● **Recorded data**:
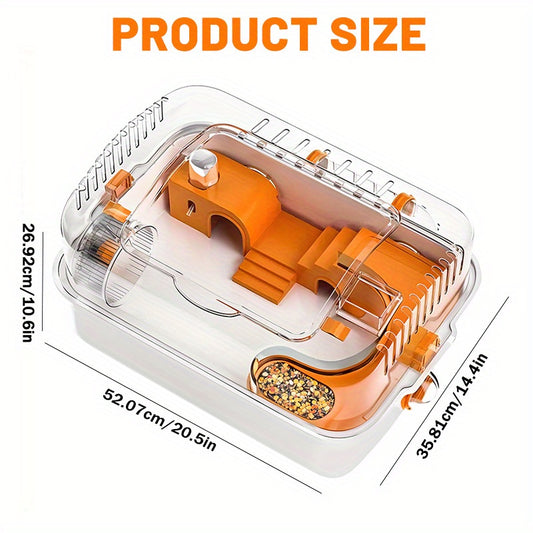 Mozeat Lens Spacious Small Pet Cage for Hamsters Mice Gerbils with Water Bottle Exercise Wheel Food Tray and Cozy Hideout Durable White Plastic with Orange Accents
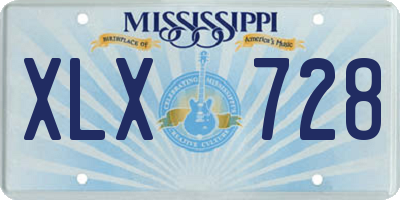 MS license plate XLX728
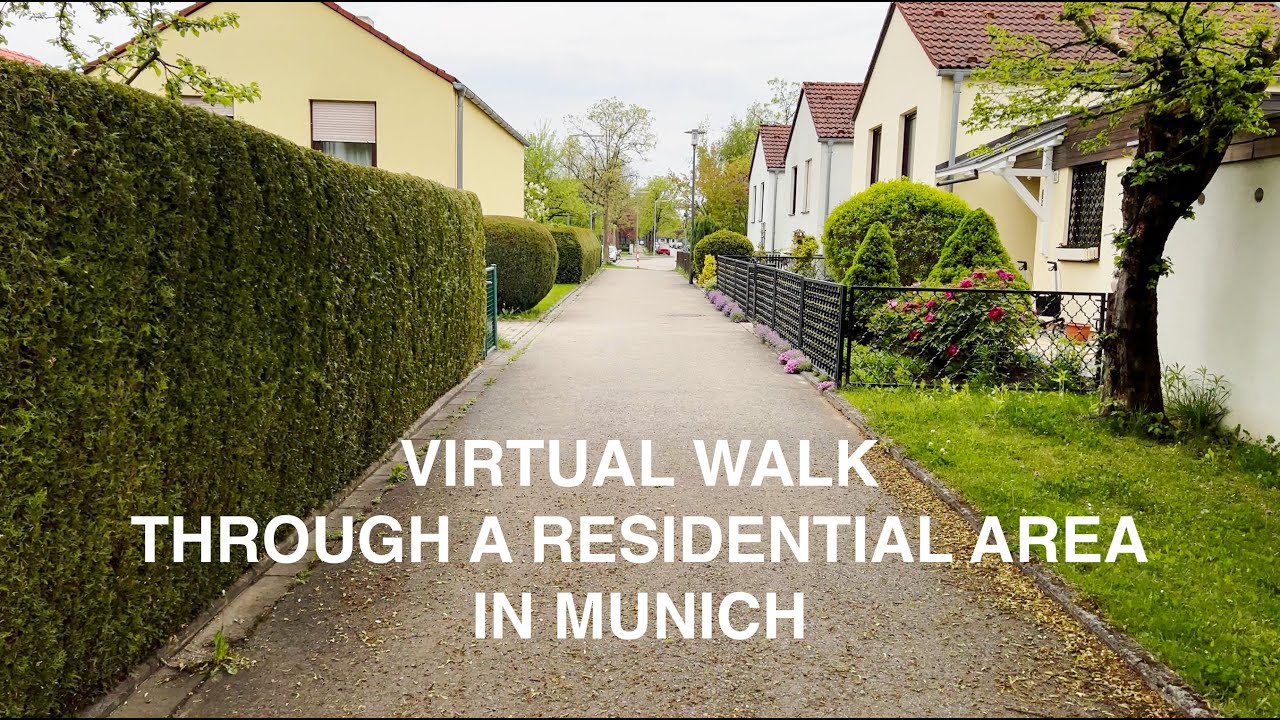 4K VIRTUAL WALK through a residential area in Munich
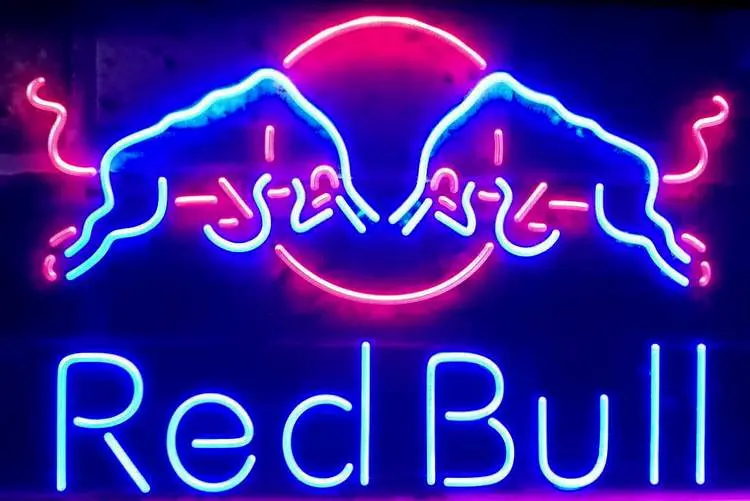 red bull logo neon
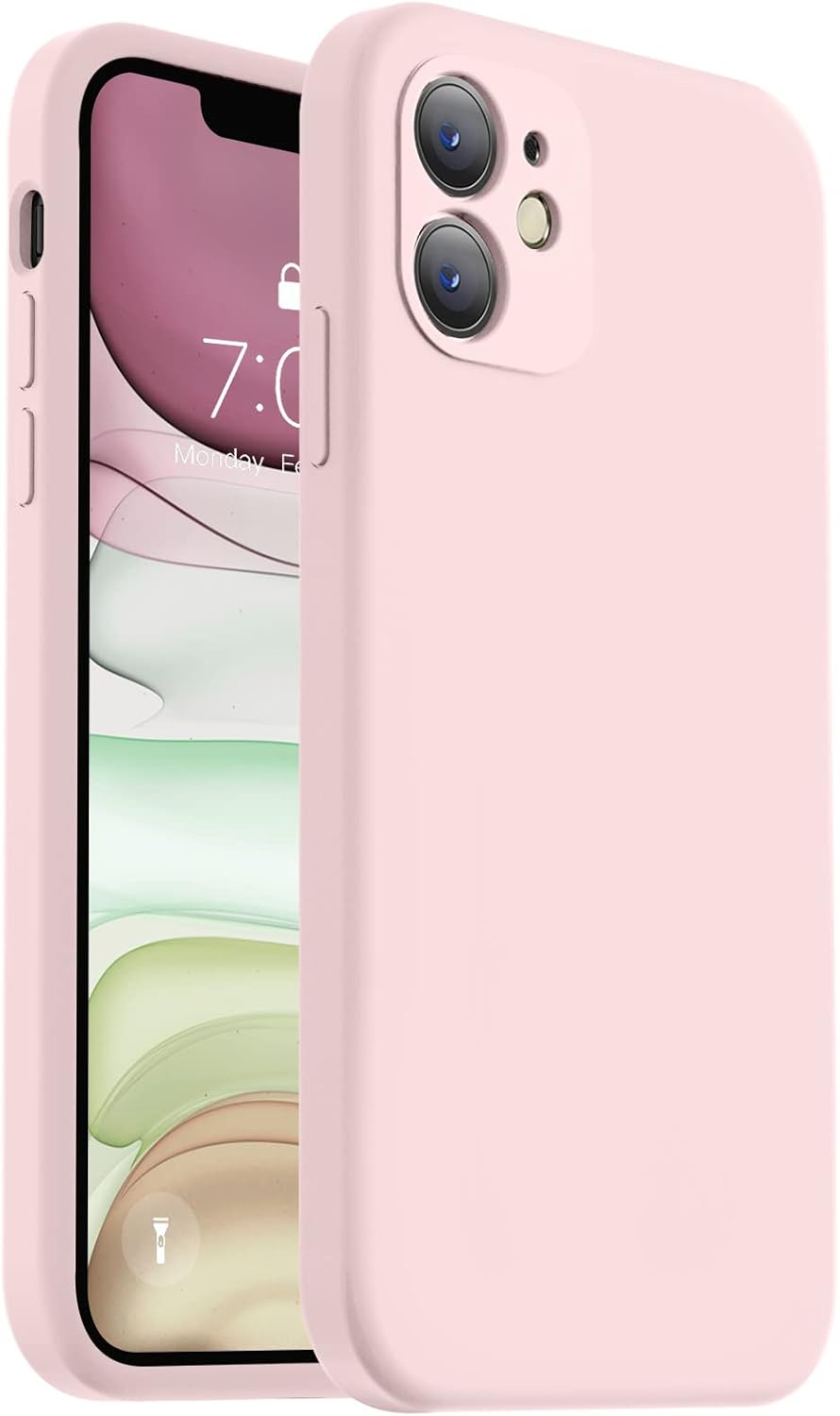 Vooii iPhone 11 Case, Liquid Silicone [Flat Edges] [Camera Protection] - Chalk Pink
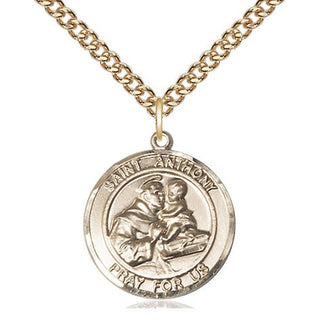 14kt Gold Saint Anthony Medal Engraved Catholic Saint Jewelry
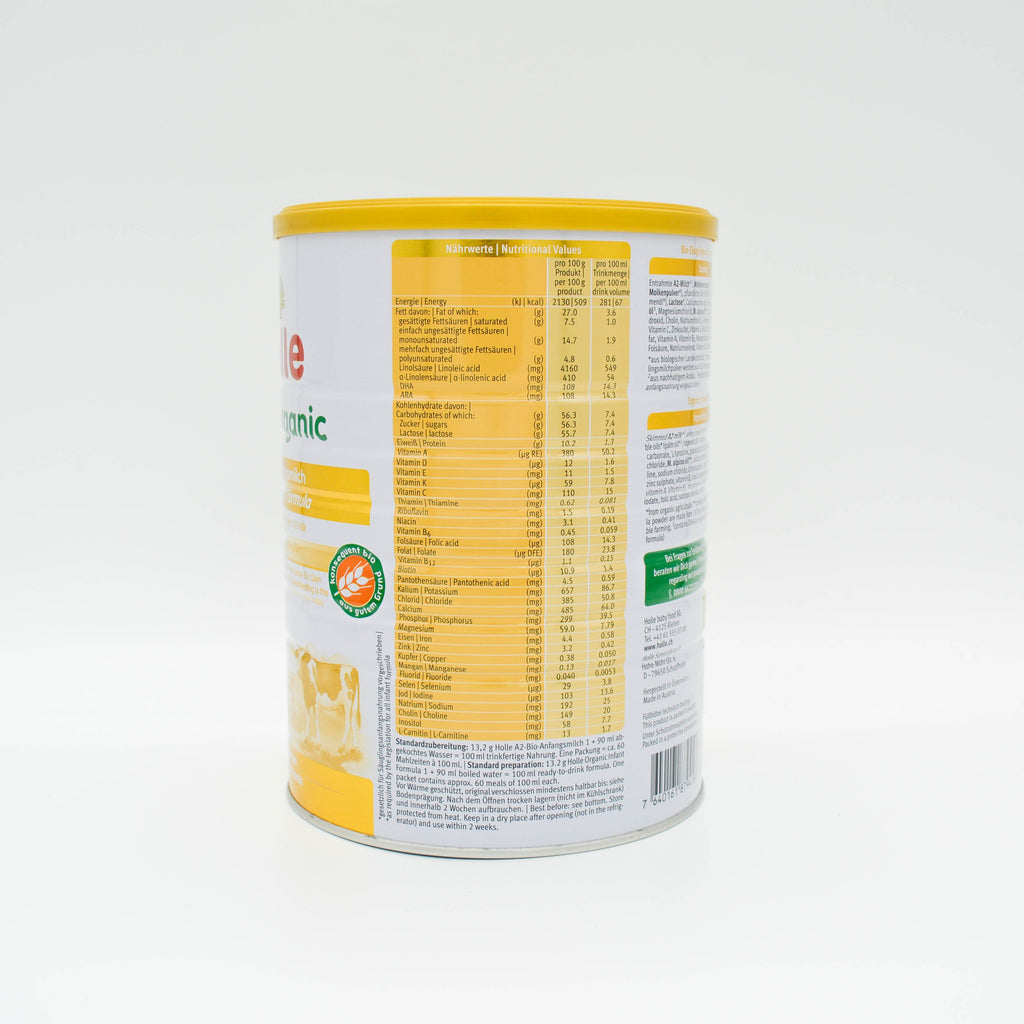 Nutrition Facts: Holle A2 Milk Stage 1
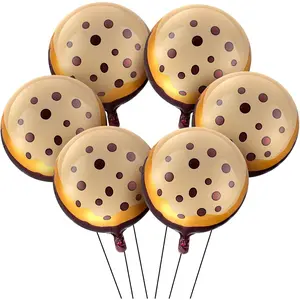 6 Pcs 21 Inch Christmas Chocolate Chip Cookie Balloons Foil Party Balloons Bulk Balloons Decor for Birthday Party Shower Theme Decorations Supplies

● **Task requirements**:
Print from the line containing "4K VIRTUAL WALK" through the line containing "Nutrition Facts: Holle A2 Milk Stage 1" in the data above, exactly as the lines stand, and omit every picture.

● **Exercise output**:
 4K VIRTUAL WALK through a residential area in Munich
 red bull logo neon
 Vooii iPhone 11 Case, Liquid Silicone [Flat Edges] [Camera Protection] - Chalk Pink
 14kt Gold Saint Anthony Medal Engraved Catholic Saint Jewelry
 Nutrition Facts: Holle A2 Milk Stage 1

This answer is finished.